*Work to complete:* Exact copies of all the lines below are wanted, without a single picture.

*Raw data:*

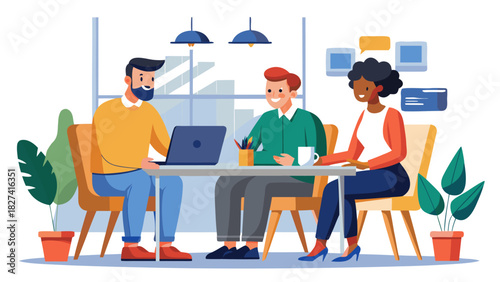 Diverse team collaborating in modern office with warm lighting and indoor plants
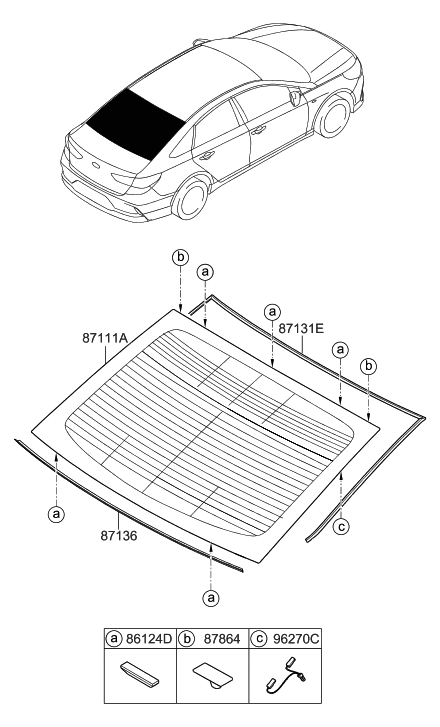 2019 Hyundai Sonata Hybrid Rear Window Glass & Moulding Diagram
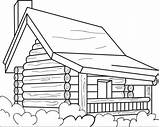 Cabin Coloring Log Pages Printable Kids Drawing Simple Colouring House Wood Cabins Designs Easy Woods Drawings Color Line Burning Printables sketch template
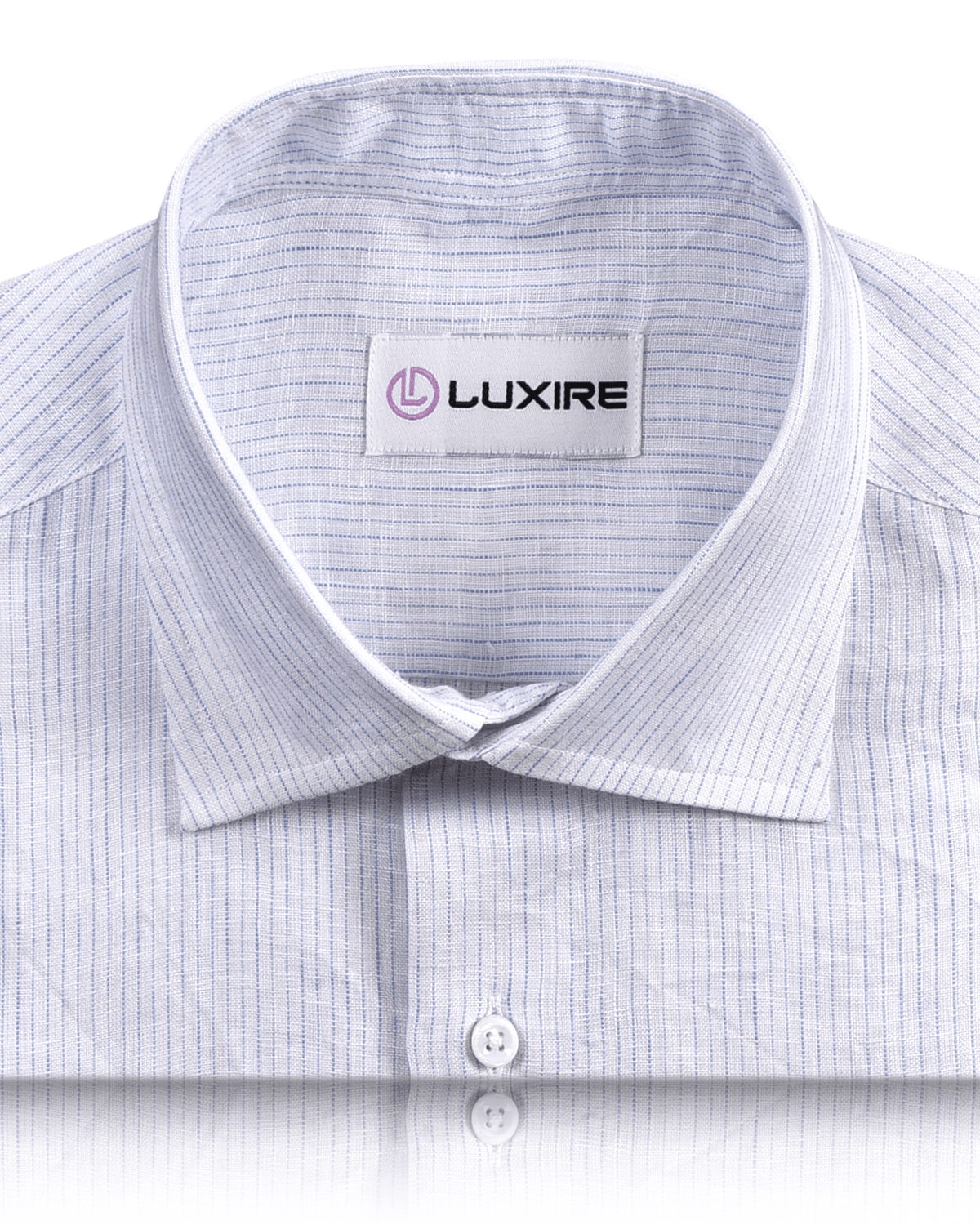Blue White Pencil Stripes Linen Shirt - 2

*Task output:*
 Diverse team collaborating in modern office with warm lighting and indoor plants
 2019 Hyundai Sonata Hybrid Rear Window Glass & Moulding Diagram
 Cabin Coloring Log Pages Printable Kids Drawing Simple Colouring House Wood Cabins Designs Easy Woods Drawings Color Line Burning Printables sketch template
Blue White Pencil Stripes Linen Shirt - 2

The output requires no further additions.